Pronounced surplus as it's simply better if not best!

sarplus test and package PyPI version Python version Maven Central version Maven Central version (Spark 3.2+)

Simple Algorithm for Recommendation (SAR) is a neighborhood based algorithm for personalized recommendations based on user transaction history. SAR recommends items that are most similar to the ones that the user already has an existing affinity for. Two items are similar if the users that interacted with one item are also likely to have interacted with the other. A user has an affinity to an item if they have interacted with it in the past.

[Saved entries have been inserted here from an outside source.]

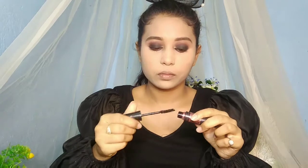Dust off the brush and dab so my overall face is set. I want to keep it matte.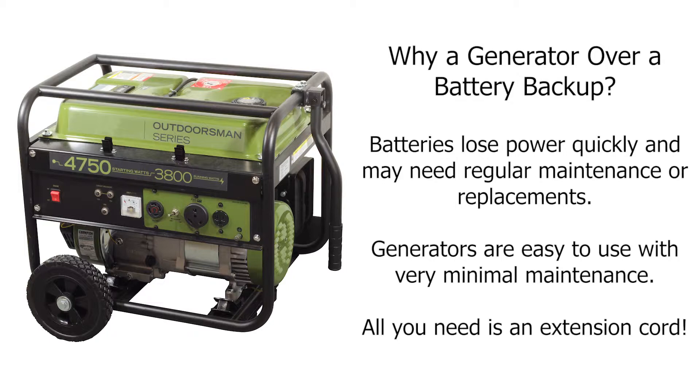Battery backups are suggested pretty often. While these are nice, the battery can drain quickly after a long period of time. There can also be maintenance issues, or the battery may need to be replaced too.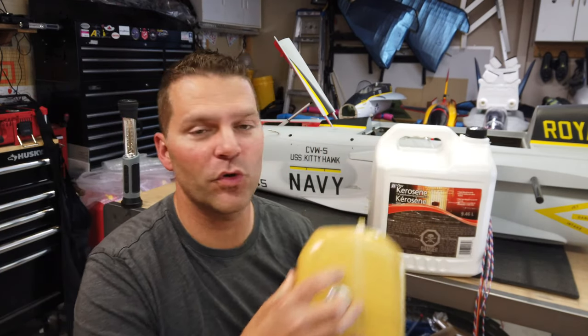Hey guys, welcome back to the channel. Welcome back to the SkyMaster F18 build series. In this video we are focusing on the main fuel system in the rear portion of the fuselage.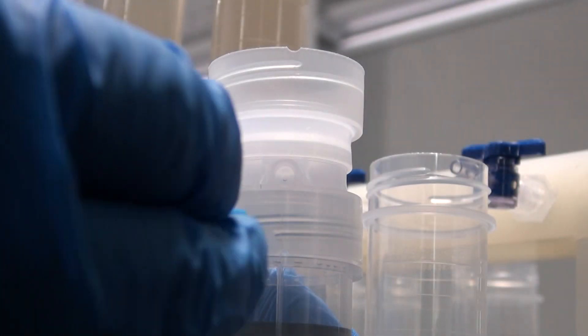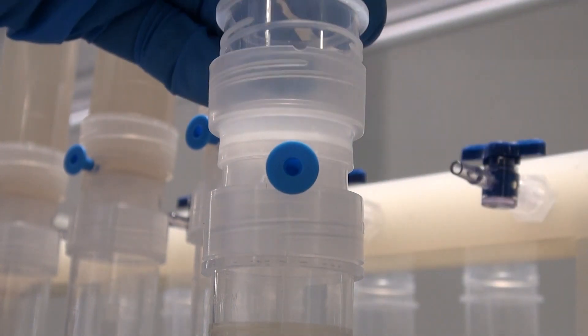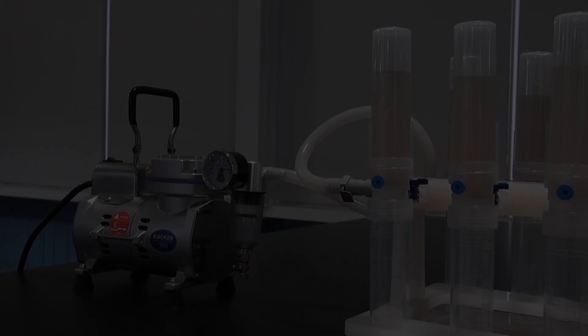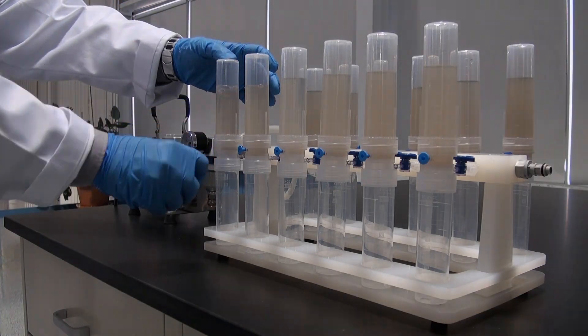A 4-position manifold is also available and they may be connected together in order to filter more samples simultaneously. The vacuum pump creates suction within the assembly to quickly filter particulates from the samples.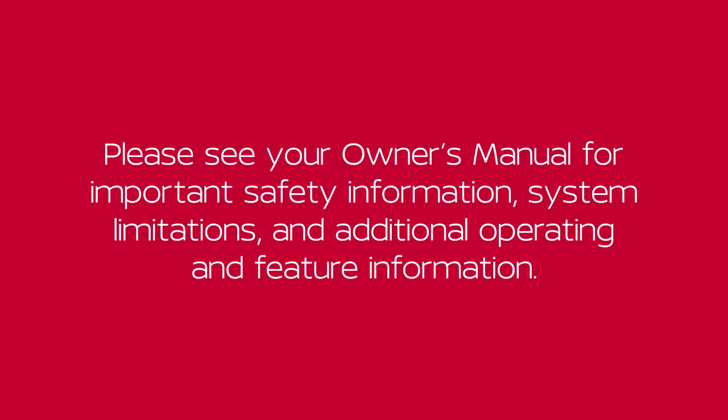Please see our Owner's Manual for important safety information, system limitations, and additional operating and feature information.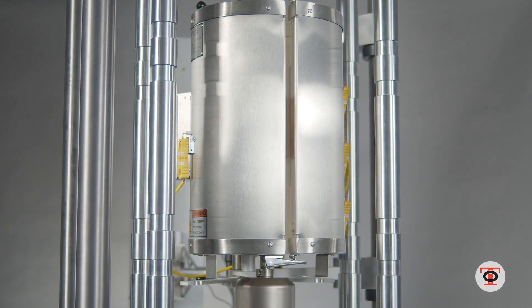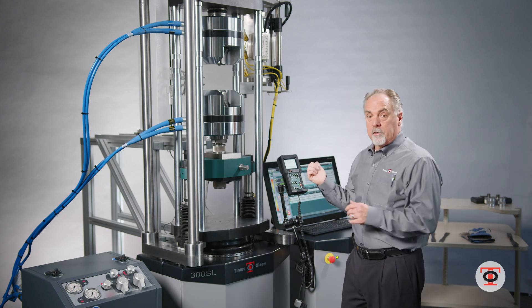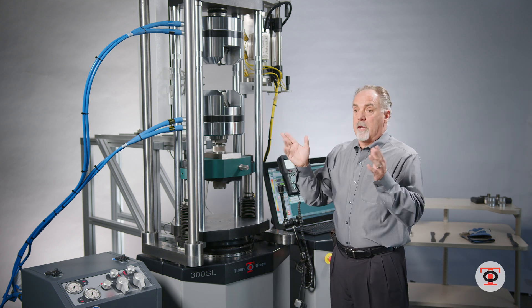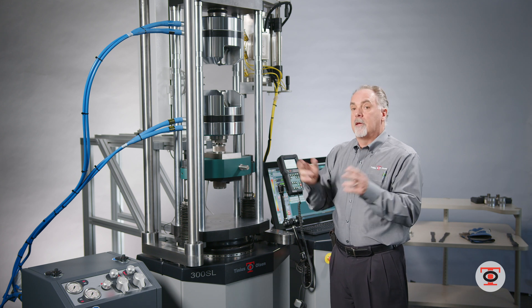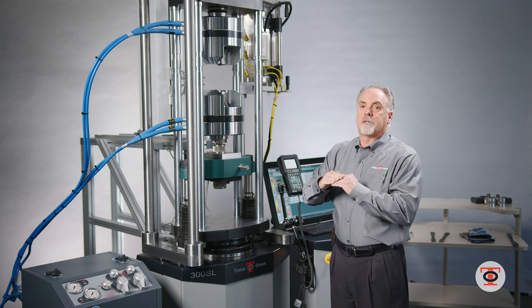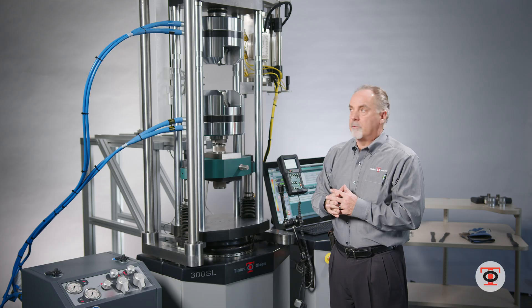This will have a furnace. This particular model also has an automatic extensometer which will set the gauge length based on the parameters in the software. You run the test, it clamps on automatically, and when the test is over it opens up. You remove your specimen, it resets the gauge length, and you put your next specimen in — ideal for high-production lab use.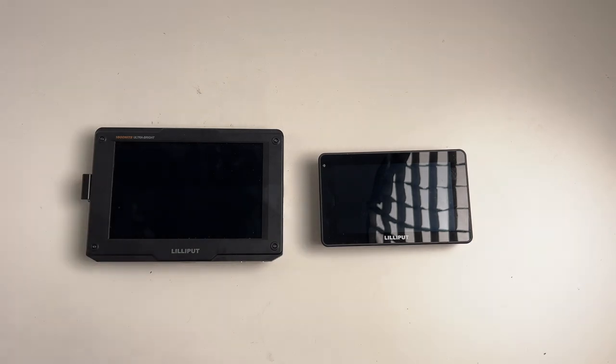So that's about as exciting as an unboxing gets of an on-camera 5.5-inch monitor. Hope you enjoyed it. If you got something out of it, like, subscribe, and comment. Otherwise, we'll see you on the next bloody exciting adventure. Cheers!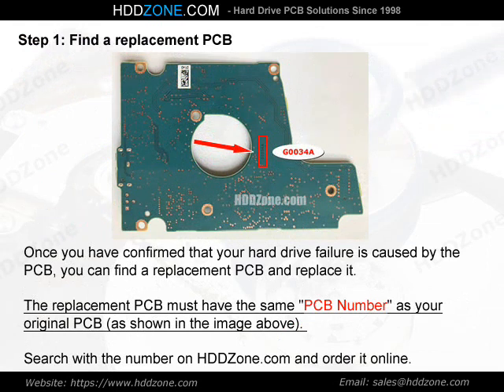Step 1: Find a Replacement PCB. Once you have confirmed that your hard drive failure is caused by the PCB, you can find a replacement PCB and replace it. The replacement PCB must have the same PCB number as your original PCB, as shown in the image above. Search with the number on HDDZone.com and order it online.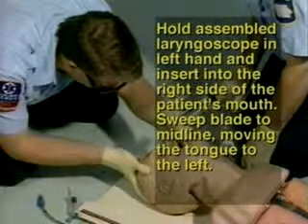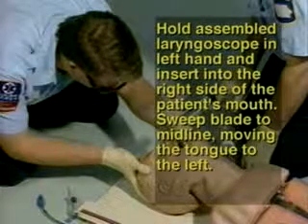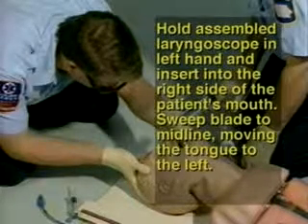Step 8: Hold the assembled laryngoscope in your left hand and insert it into the right side of the patient's mouth. Sweep the blade to the midline, moving the tongue to the left.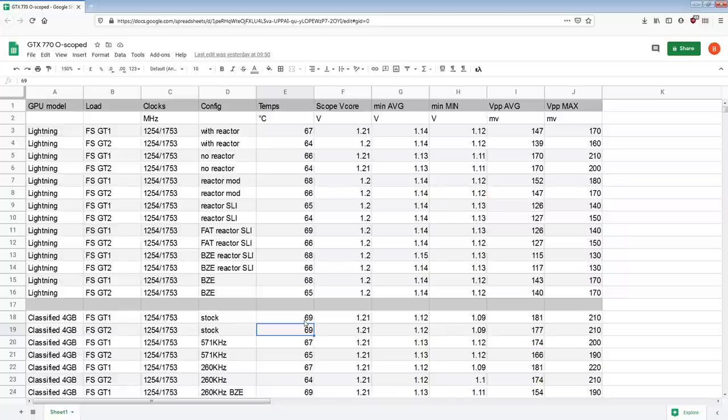The Classified, unlike the Lightning, has the Classified Controller utility, which allows you to change the VRM switching frequency. If you max the switching frequency out to 571 kHz, that immediately gets us basically to the same performance level — it's sort of in between a Lightning with the reactor and a Lightning without the reactor. We have the average minimums of without the reactor but the minimum minimum of with the reactor. So that massively improves the voltage regulation.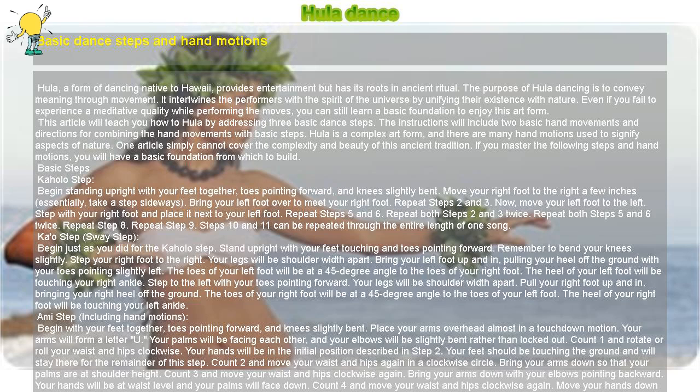Basic Steps — Kahala Step: Begin standing upright with your feet together, toes pointing forward, and knees slightly bent. Move your right foot to the right a few inches — essentially, take a step sideways.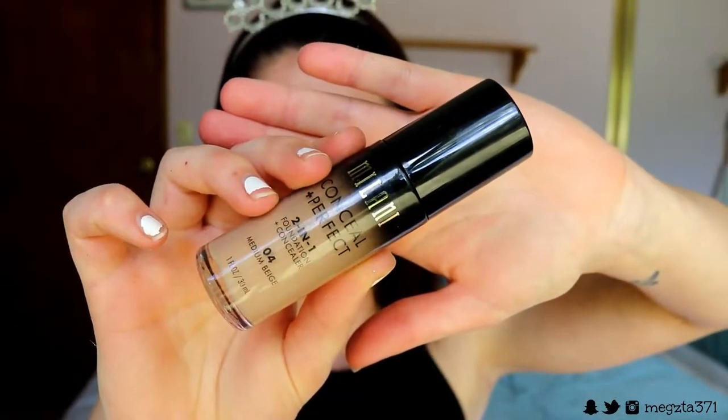Now I'm going to foundation. I'm going in with my Milani Conceal and Perfect 2-in-1 Foundation and Concealer in shade 04 Medium Beige. I want more of a medium coverage foundation — nothing too thick and cakey — but it's up to you. I'm going for a wearable daytime glam look. Always make sure you bring your foundation down your neck so you don't have that demarcation line showing where your foundation begins. I put my foundation all over that concealer because it was a barrier — the foundation sits on top so if it gets worn away, we've got that second barrier of defense underneath.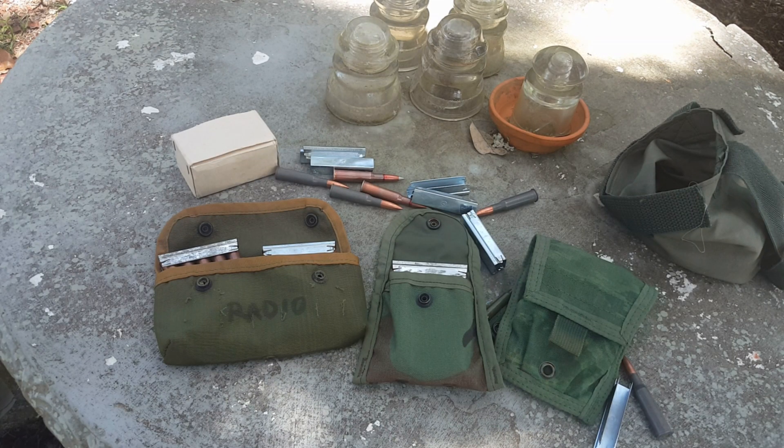So there you have it — my tortured video on how I'm going to carry Mosin ammo in a tactical setup. Thanks for watching. If anybody has other ideas about it, let me know — appreciate you.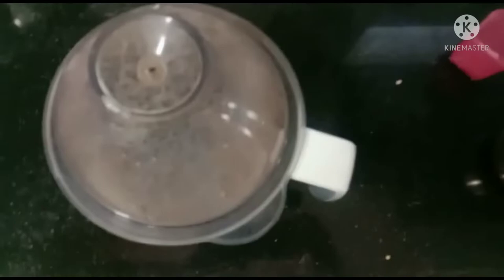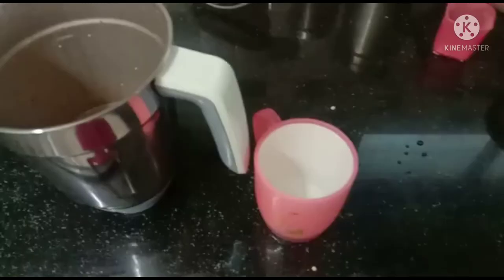After mixing, open the blender. See, simple and easy mixing. Now pour into glasses.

SARplus is an efficient implementation of this algorithm for Spark.

Features:

  • Scalable PySpark based implementation
  • Fast C++ based predictions
  • Reduced memory consumption: similarity matrix cached in-memory once per worker, shared across python executors

Benchmarks

# Users # Items # Ratings Runtime Environment Dataset
2.5mio 35k 100mio 1.3h Databricks, 8 workers, Azure Standard DS3 v2 (4 core machines)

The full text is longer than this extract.